● **Task details**
The expected output is an exact copy of each line from the line with "VIDEO - Peserta" through the end of the data below, with no pictures in it.

Caption-style text data:

=====

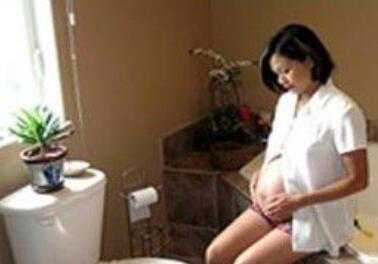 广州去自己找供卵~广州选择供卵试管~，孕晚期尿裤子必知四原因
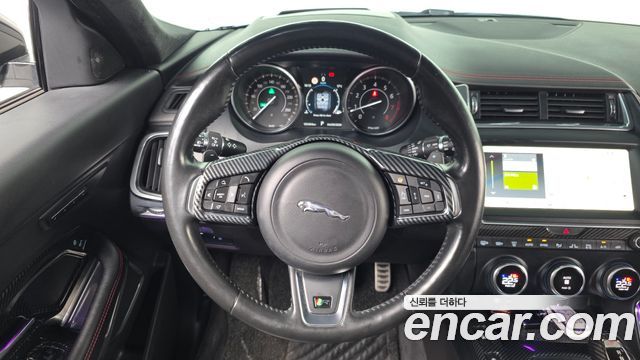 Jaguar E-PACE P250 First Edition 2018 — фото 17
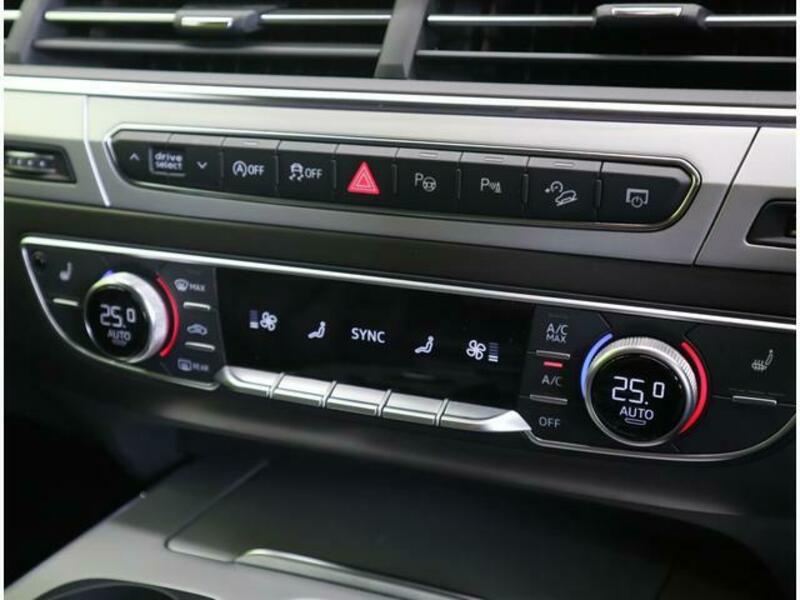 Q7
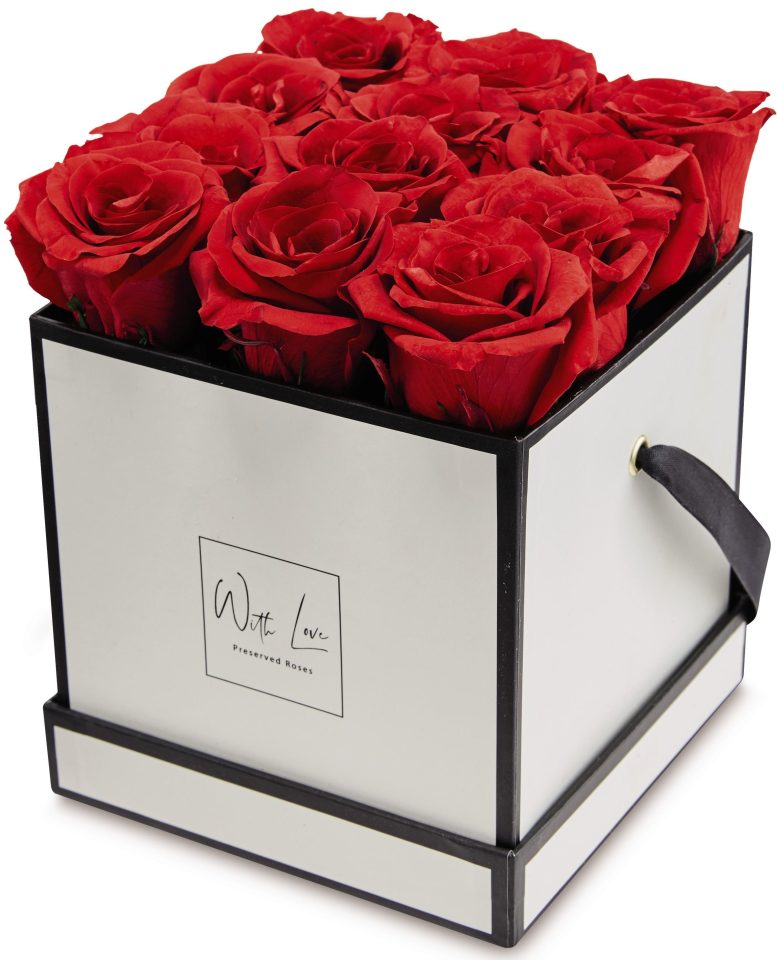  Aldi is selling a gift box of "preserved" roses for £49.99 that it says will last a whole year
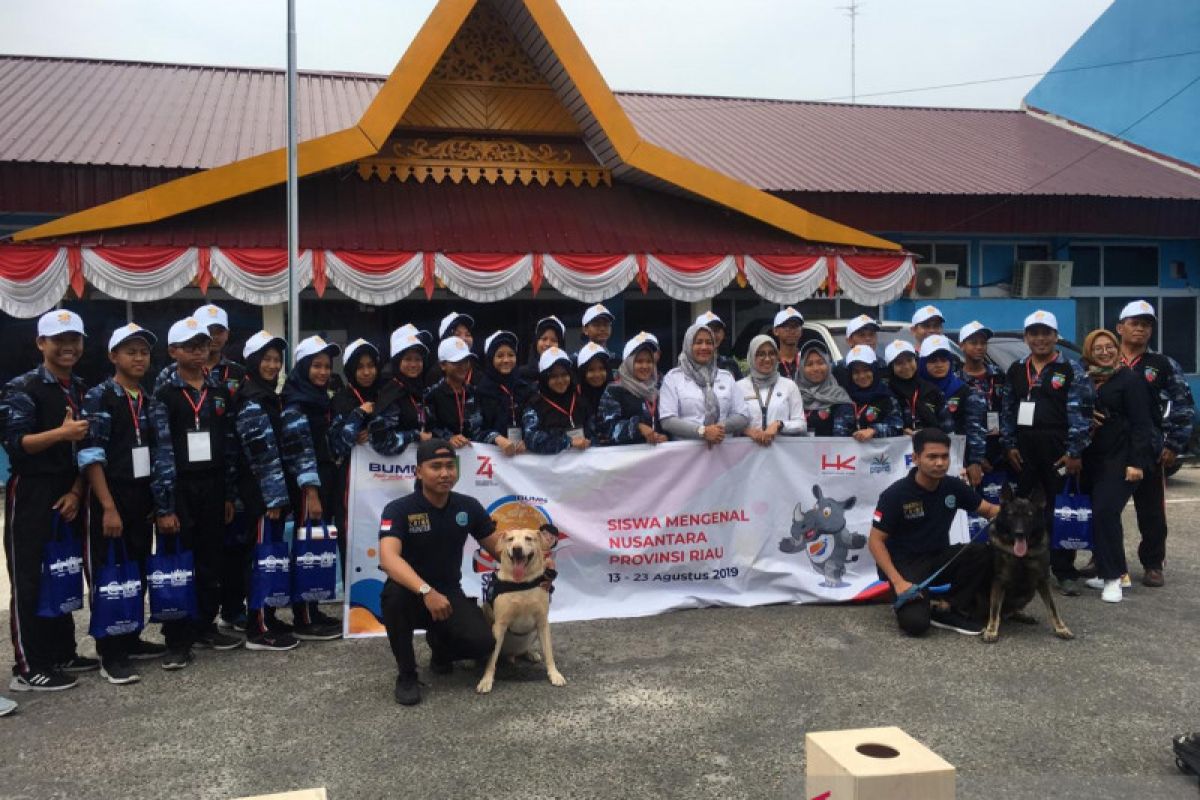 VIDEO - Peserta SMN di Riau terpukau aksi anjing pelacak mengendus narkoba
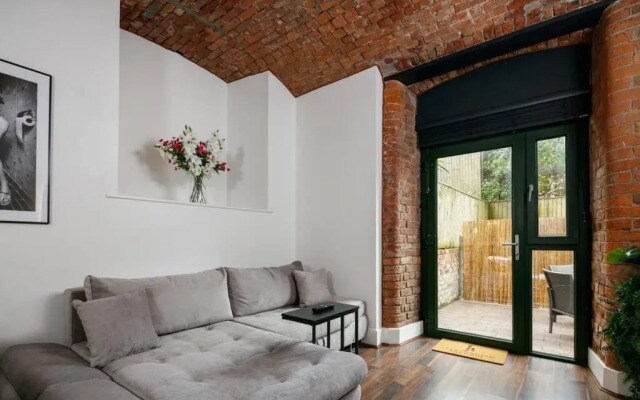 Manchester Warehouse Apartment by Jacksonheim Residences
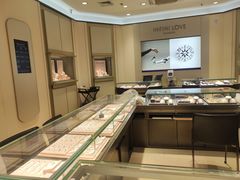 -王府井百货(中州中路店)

=====

● **Response**
 VIDEO - Peserta SMN di Riau terpukau aksi anjing pelacak mengendus narkoba
 Manchester Warehouse Apartment by Jacksonheim Residences
 -王府井百货(中州中路店)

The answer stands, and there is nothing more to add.